Since graduating from undergraduate, several of my current realities have created tension with this world view. I’m at a point in my life where networking means everything, so I don’t want to damage my reputation in anyway. I recognize that as a lawyer—specifically a black lawyer—I’m now in a much smaller community and this is a community that feels like it’ll be much more difficult to truly escape than other communities that I have joined. Finally, I never liked moving and always wanted to be part of a community and help other communities thrive.
First Job
That final reason is why I worked for a small nonprofit in Washington, DC dealing with education policy. My job was to convince State Boards of Education to adopt policies that would promote diversity and encourage equal educational opportunity for all students. More specifically, I compiled and presented research on the negative impact of punitive discipline on students of color, teacher equity, and school desegregation. I learned a lot about education policy. I can tell you that one suspension in the 9th grade increases the risk of dropping, and each additional suspension increases that risk by 20%. About 60% of black males have been suspended at least once, compared to only 25% of white men. I know this disparity begins as early as pre-K.

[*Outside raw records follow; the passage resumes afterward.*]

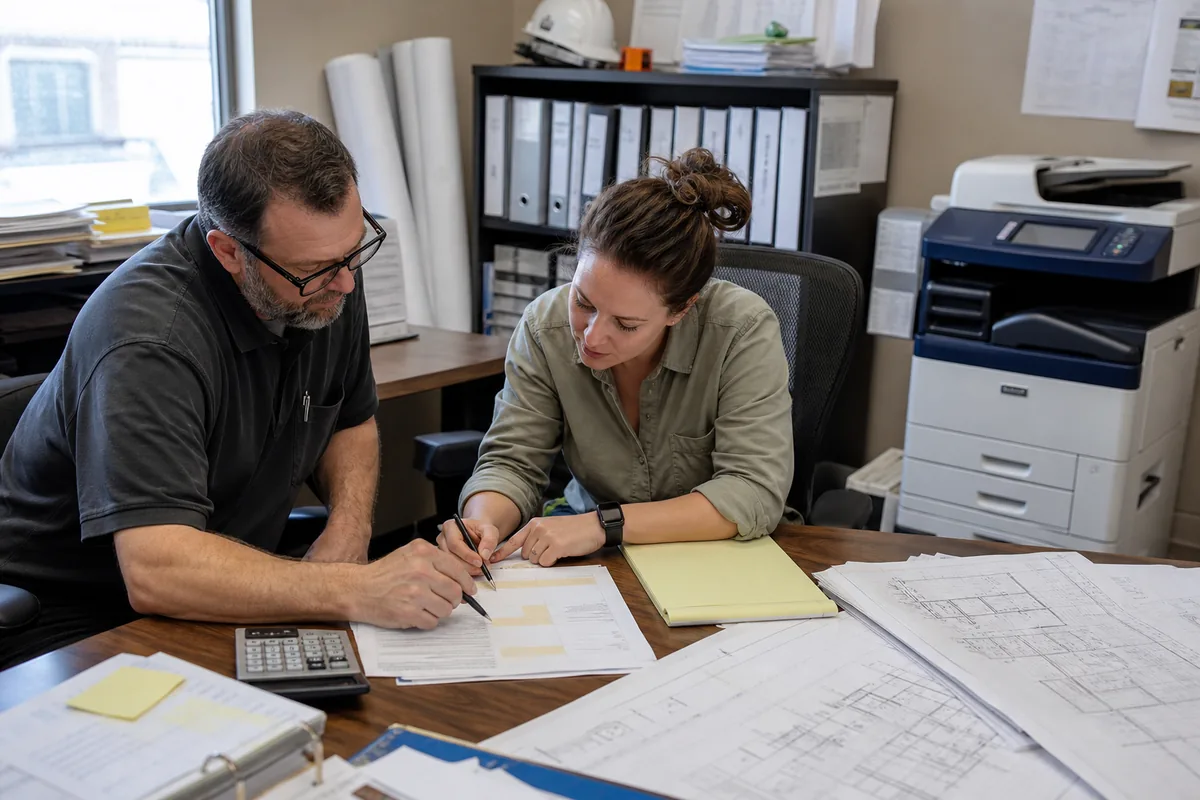 Procurement team reviewing line items in a copier lease proposal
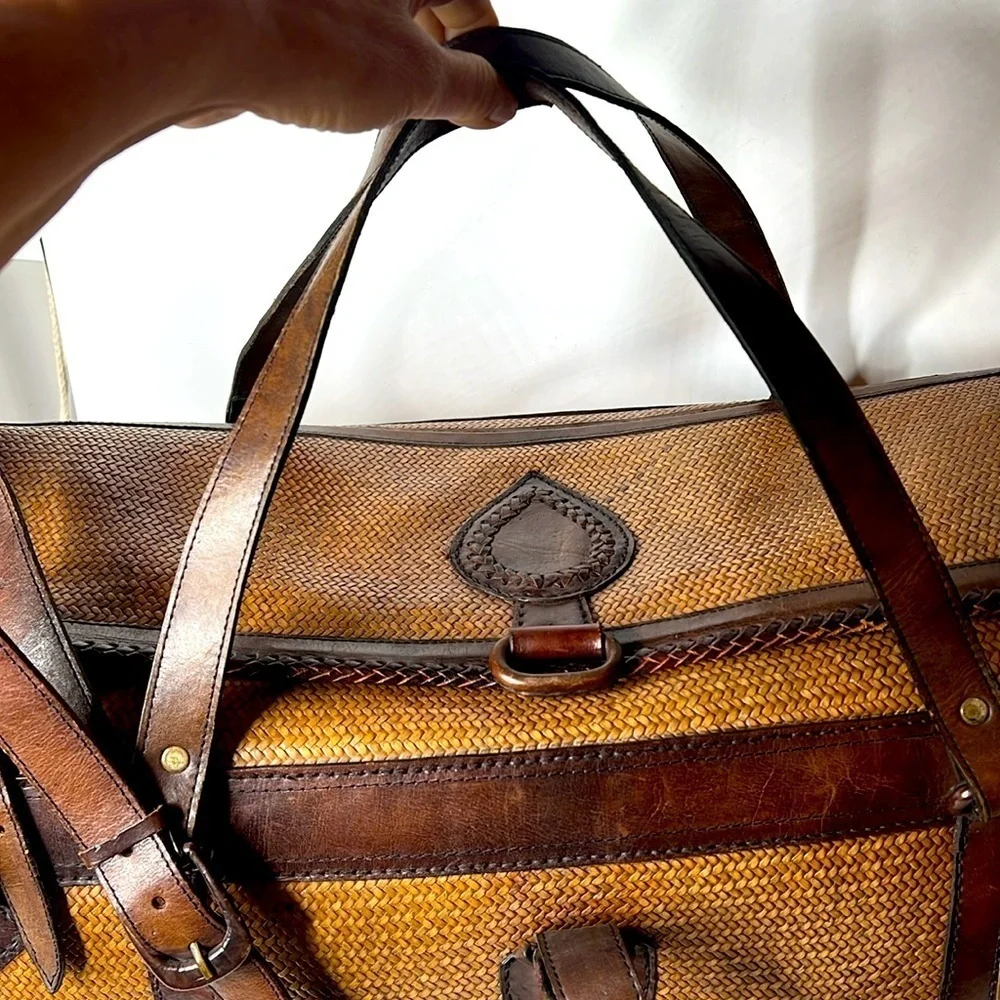 Leather Tightly Woven Wicker Extra Large Double Handle Shoulder Strap Travel Bag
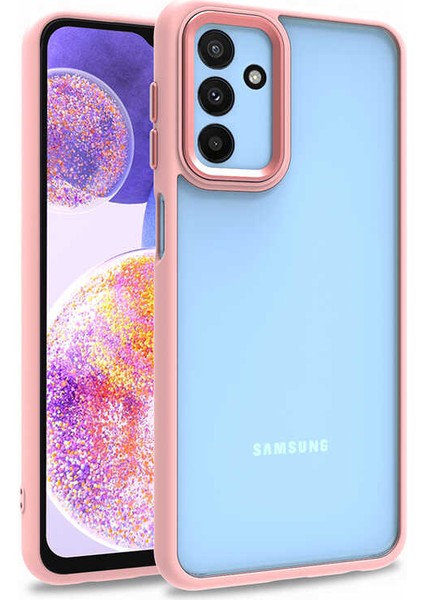 Samsung Galaxy M23 Kılıf Arkası Şeffaf Renkli Kenar Flora Silikon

However, while I felt like I was doing good work, I was not happy. Change is very slow, and the organization was nonpartisan. This meant that we often had to stand by as state boards adopted policies antithetical to our overall message. Additionally, I felt as though policy work on its own was not enough. Policymakers often had difficulty communicating with teachers and the implementers of their policies, and, therefore, implementation always left something to be desired.
Most importantly, however, was the fact that the environment at this organization was toxic. There was a high turnover rate and a culture dominated by cliques and power struggles. Even though I did not realize this until later, my position was created as part of a power struggle between two people working within the organization. Therefore, I was involved from day one, and at times this made everything very uncomfortable for me. When things became too stressful, I decided to apply to law schools. If I got into a school I liked, I’d go, and quit this job in the summer before classes start. If I didn’t get into a school I liked, I’d wait it out another year or so.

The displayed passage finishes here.